第181話 仏性その二十四 ただそれだけ

 「「当観」といふは、能観・所観にかゝはれず、正観しょうかん邪観じゃかん等に準ずべきにあらず、これ当観なり。当観なるがゆゑに不自観なり、不他観なり。時節因縁聻にいなり、超越因縁ちょうおつなり。仏性聻にいなり、脱体とったい仏性なり。仏々聻にいなり、性々聻しょうしょうにいなり。」

 (当観時節因縁の)「当観」というのは、観る、観られる(能動、受動)の関係にあるのではなく、正しい観かた、間違った診かたというような尺度で考えるものではない。ただまさに今この瞬間ありのままに観ているのである。そのようなことが当観であるから、自分を観るということではないし、他を観るということでもない。当観はただ今この瞬間の有りようというであり、有りようという観念的なものを超越した事実である。ただ仏性それだけであり、仏性というような観念的な言葉から脱け出したものである。仏は仏だけであり、性は性だけなのだ。

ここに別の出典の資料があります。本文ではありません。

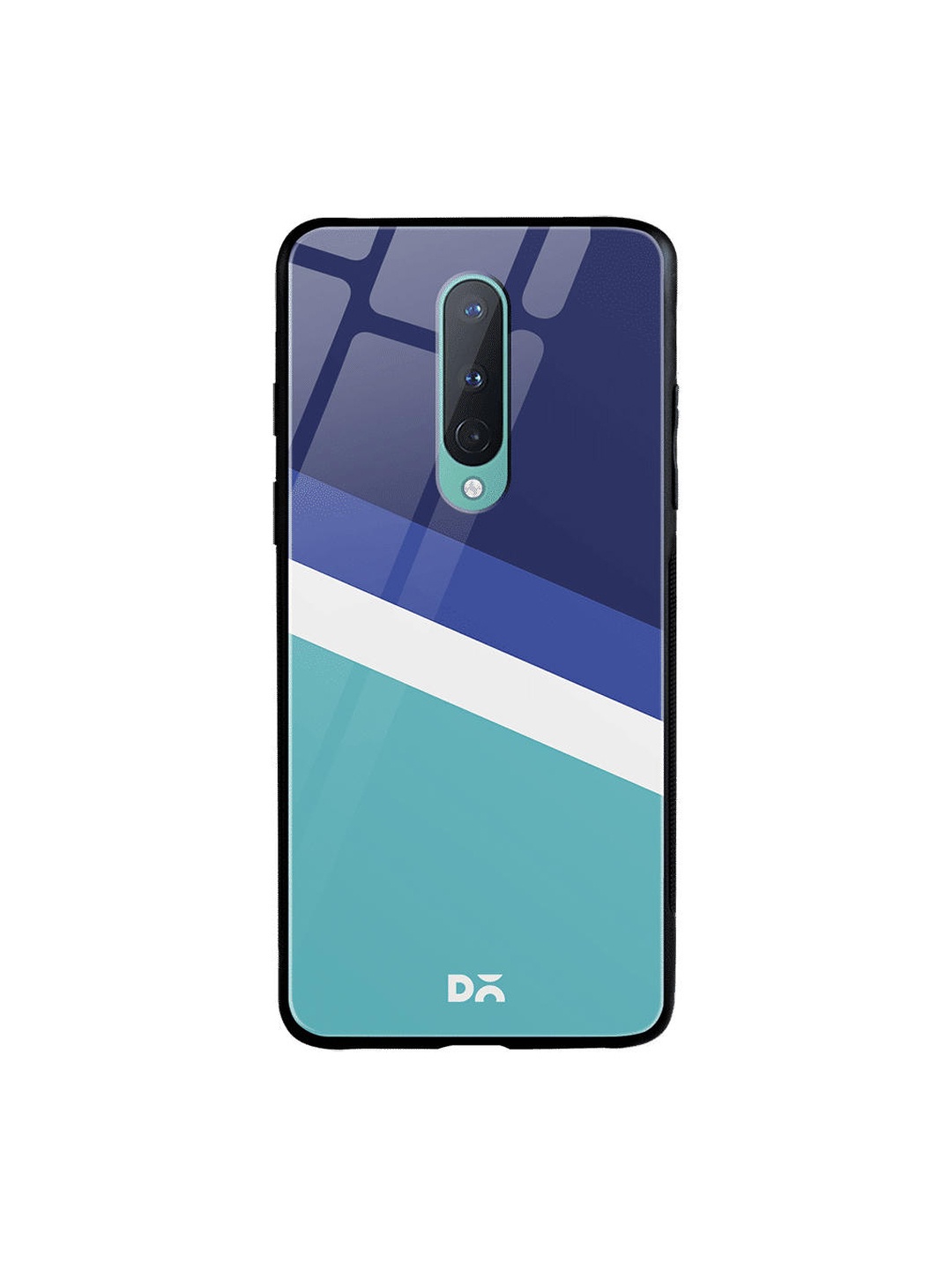 

DailyObjects Blue & Green Aqua Angles OnePlus 8 Glass Cover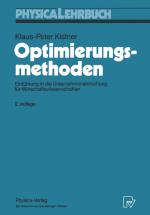 Cover-Bild Optimierungsmethoden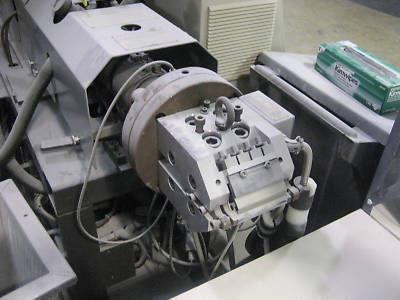 Cincinnati milacron 34MM conical twin screw extruder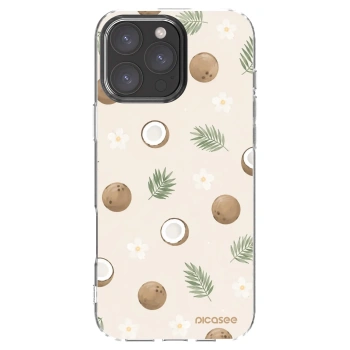 Picasee διαφανής θήκη σιλικόνης Apple iPhone 16 Pro Max - Coconut Breeze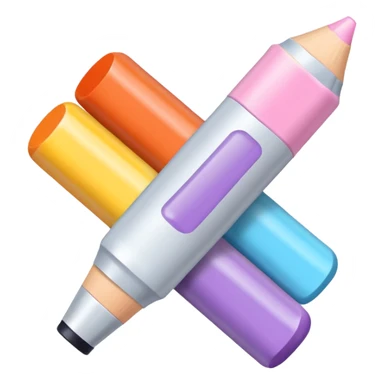 Pastel Copic markers  sticker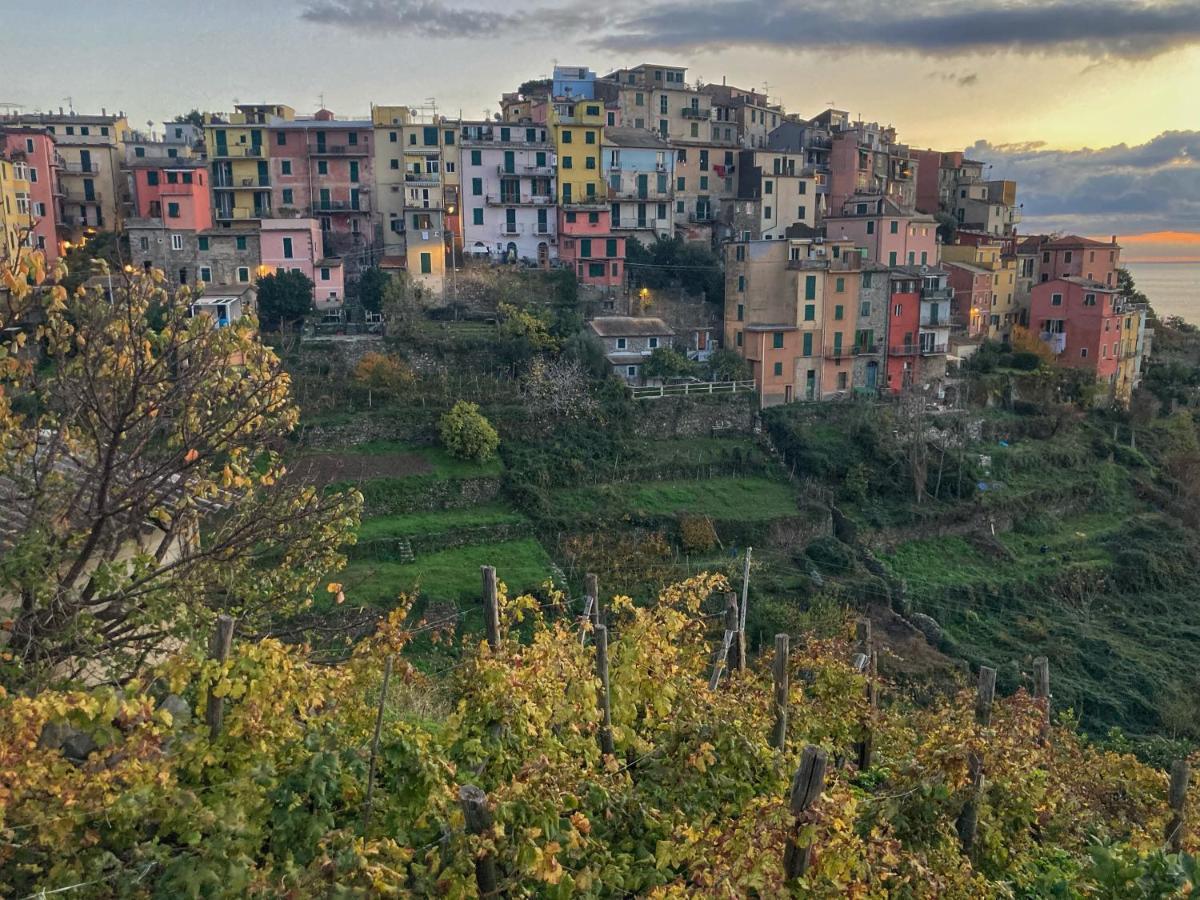 La Casa Rossa Arcola Con Vista Villa Bagian luar foto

 坐禅した身心でないとここのところはわからないだろう。今この瞬間を生きる。真実・真理を実現・実証する。真実・真理と一体となって行動する。それは今この瞬間のありのままの事実の世界を生きるということなのだ。今この瞬間を一生懸命に生きている時には、観ているとか観られているなどというようなものが入り込む余地はない。観念的な「言葉」など入り込む余地はない。この瞬間瞬間を生きるしかない。超越し脱体する。「ただそれだけ=にい」となるのだ。